The woman who inspired the last entry, "This May be Heresy," Annemarie Marino, died on May 20, 2006. I will always remember her quick mind and generous heart. We had wonderful conversations. Please add your prayers to mine that she has found peace and her heart's desire.
I invite anyone who reads this and wants to comment or share something about their experience using the Ignatian examen to leave a comment or contact me. If you are interested you can also check out the wide selection of books, articles, and websites that Morgan Zo-Callahan and I put together, An Ignatian Bibliography.
But let’s begin by outlining the Steps in Making the Ignatian Examen
1. We begin by quieting ourselves. Become aware of the simple goodness of the universe, the gifts of life and love. Be thankful. Recall that without faith, the eye of love, the human world seems too evil for good to exist.
2. Look deep within to see clearly, to understand accurately, and to respond generously to what is occurring in our daily history.
3. Review in memory the history of the day (week, month, etc.) in order to be shown concrete instances of our ‘chief characteristic,’ as well as instances of presence and guidance and, perhaps, of the activity and influence of the chief characteristic. These can be detected by paying attention to strong feelings we experienced that may have accompanied or arisen from situations and encounters.
4. Evaluate these instances in which we have either collaborated with deep inner guidance or yielded to the influence of evil in some way. Express gratitude and regret.
5. Plan and decide how to collaborate more effectively with your own inner guidance and how to avoid or overcome the negative influence of the chief characteristic in the future.
I would like to hear from you if you want to share anything you have discovered using the examen.
THURSDAY, NOVEMBER 16, 2006
The Spiritual Exercises of St. Ignatius
I have been a practitioner of Buddhist meditation for more than 30 years. But this is not my first experience with intensive meditation practice.
I entered the Society of Jesus, the Jesuits, on August 15th 1966. After a few months to acclimate to the schedule of getting up at 5:25 and bed at 9:30, we first year novices “did” the 30-day retreat. For a full month, the whole community was totally focused on the discipline of the Exercises in its strictest form, as strict as the discipline in any zen hall: total silence, 7 hours of contemplation very day, an unwavering order of meditation, invocations and most importantly, in retrospect, the examen.
The bell that alerted us to prayer, or mass, or spiritual reading, or the daily conferences with the Master of novices, was not a beautiful, clear temple bell. Rather it had the urgency of the alarm that gets firemen out of bed in the middle of the night. We were not to be monks dedicated to a life of prayer within exclusionary monastic walls. We were being trained to pray hard and work hard for the Kingdom of God.
After we took religious vows, every year we dedicated 8 days to the exercises. These were the heady days that followed Vatican II, so the strict retreat format, the fire and brimstone of the 1st week, for example, had fallen into disfavor.

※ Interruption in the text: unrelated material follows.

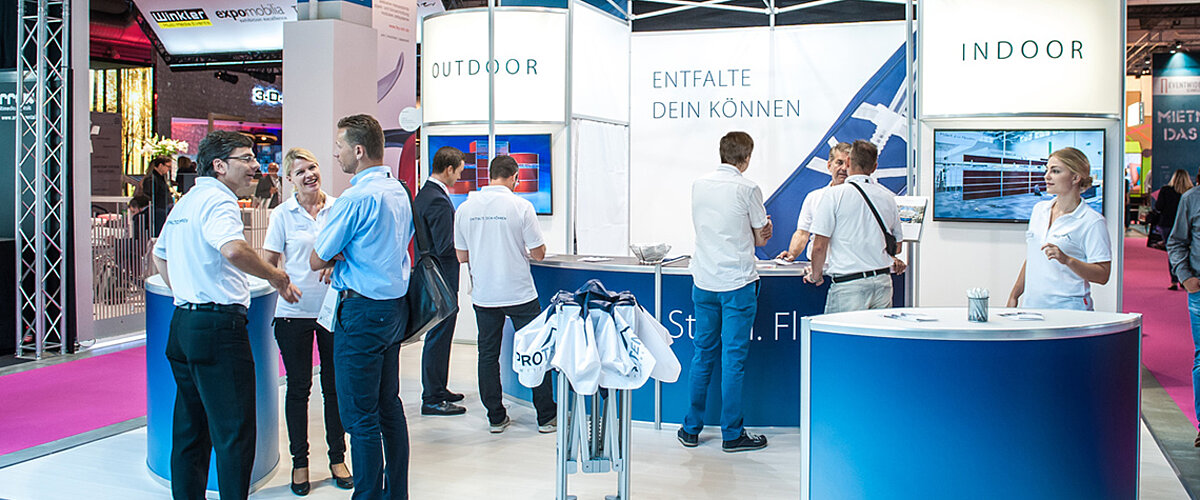 The Pro-Tent exhibition system in a blue and white version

Now 40 years later it is hard to believe that the Exercises had such a visceral effect, creating a feeling for the Transcendent in the way that they did. I remember reading Joyce’s description of the preacher sermon on Hell in Portrait of the Artist as a Young Man when I was a teenager, but Joyce was right on the mark. Fr. T. J. C. O’Callaghan may have lacked the dramatic flare of Joyce’s retreat master, but he posed the fiery world of the unforgivable, using the same script that, combined with a retreat environment created by the 80 men who shared the life of the novitiate, the silence, the liturgies, the homilies, the food, and the penances, geared to the meditations of 4 weeks of the Exercises.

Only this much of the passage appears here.